Taking only the lines of the data below from the line with "Coleophora alcyonipennella" to the line with "dieffenbachia starbright Dieffenbachia", ends included, write them out exactly and without pictures.

Input data below:

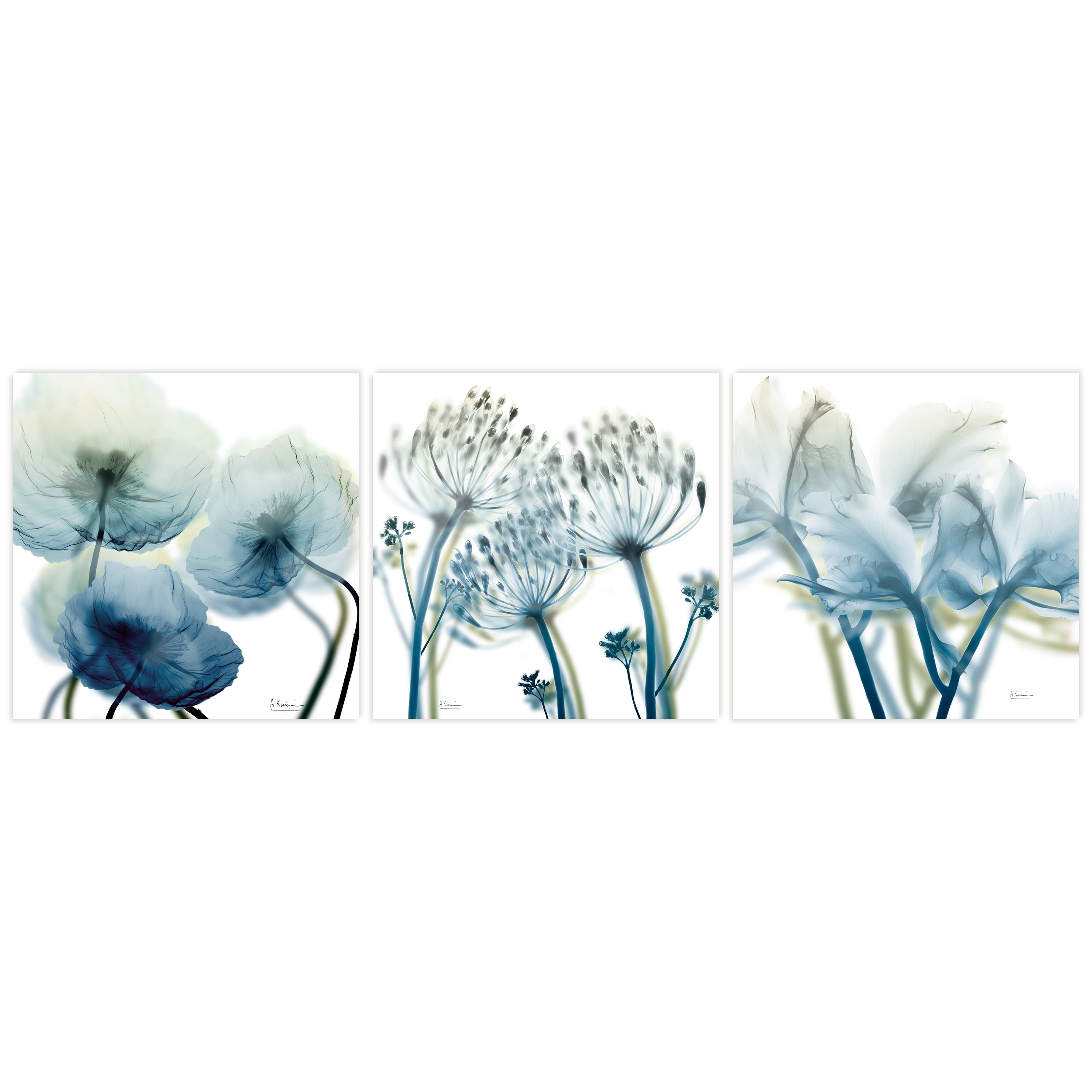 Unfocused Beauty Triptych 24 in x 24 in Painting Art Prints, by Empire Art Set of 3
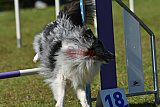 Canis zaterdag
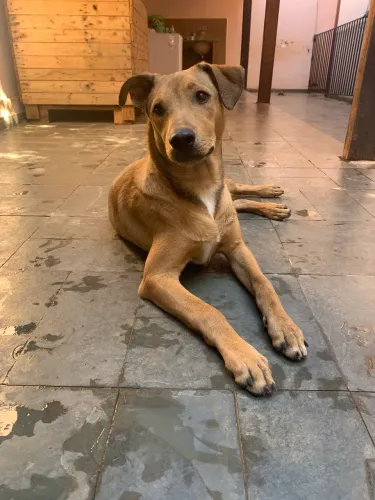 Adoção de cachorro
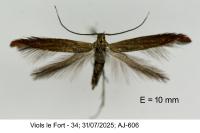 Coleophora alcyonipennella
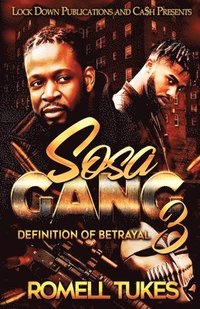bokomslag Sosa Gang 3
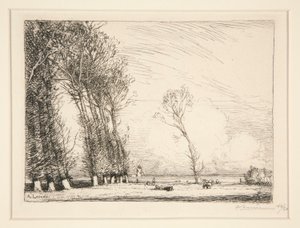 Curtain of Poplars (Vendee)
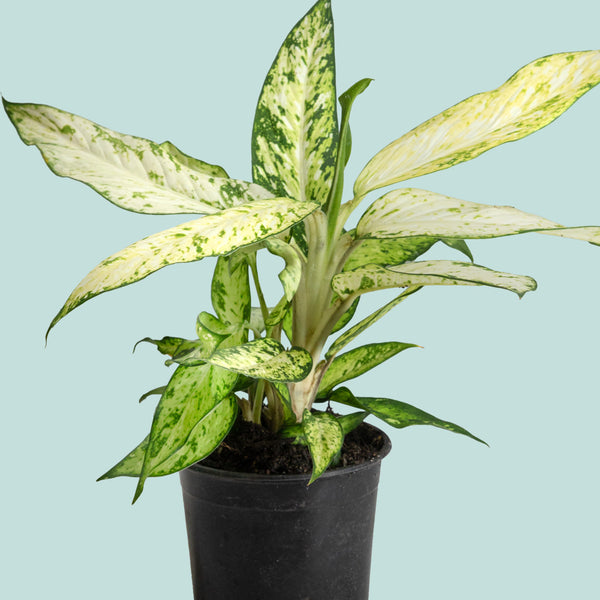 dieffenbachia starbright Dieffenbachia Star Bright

End of Input data.
Input data below:

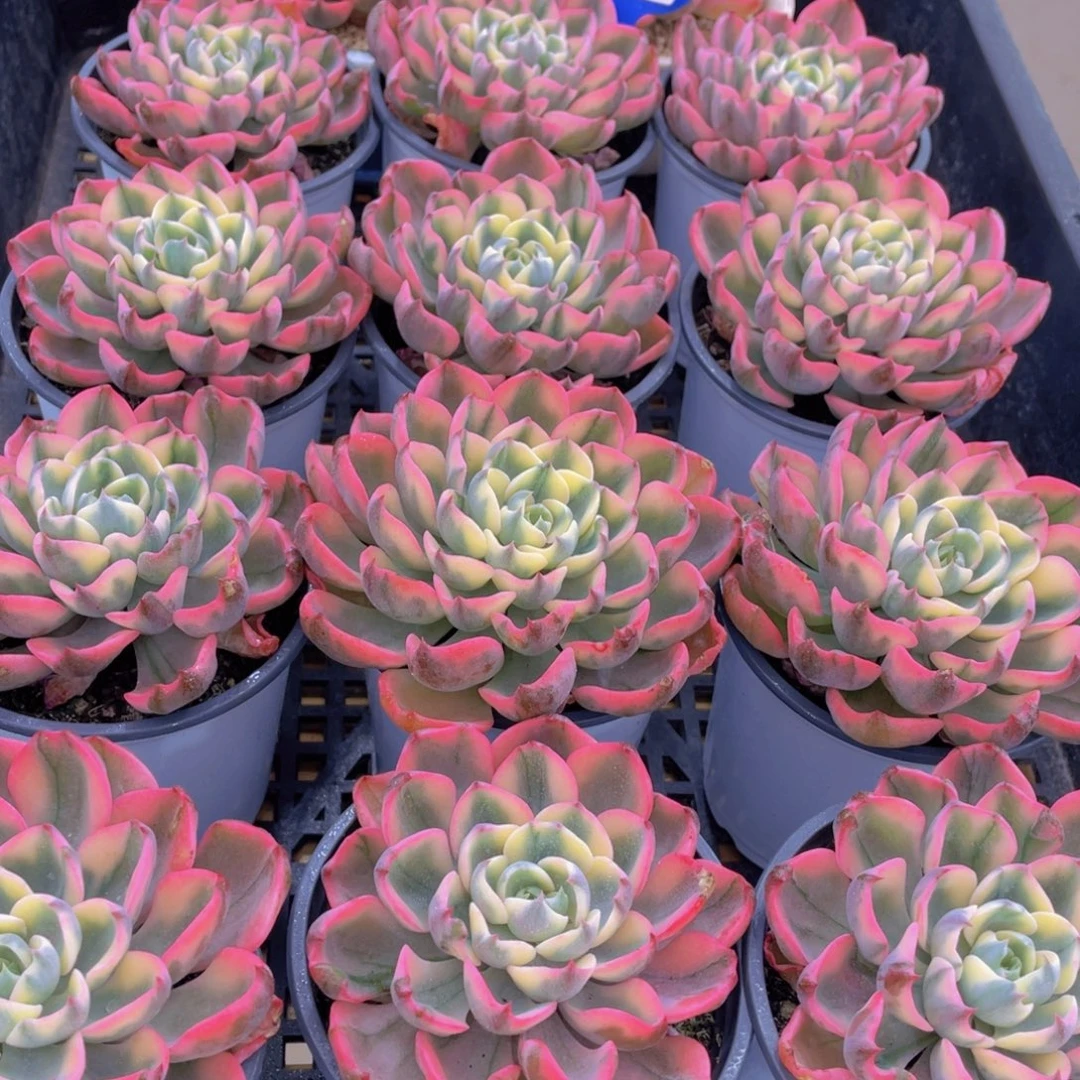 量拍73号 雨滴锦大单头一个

End of Input data.

_Task result_:
 Coleophora alcyonipennella
bokomslag Sosa Gang 3
 Curtain of Poplars (Vendee)
 dieffenbachia starbright Dieffenbachia Star Bright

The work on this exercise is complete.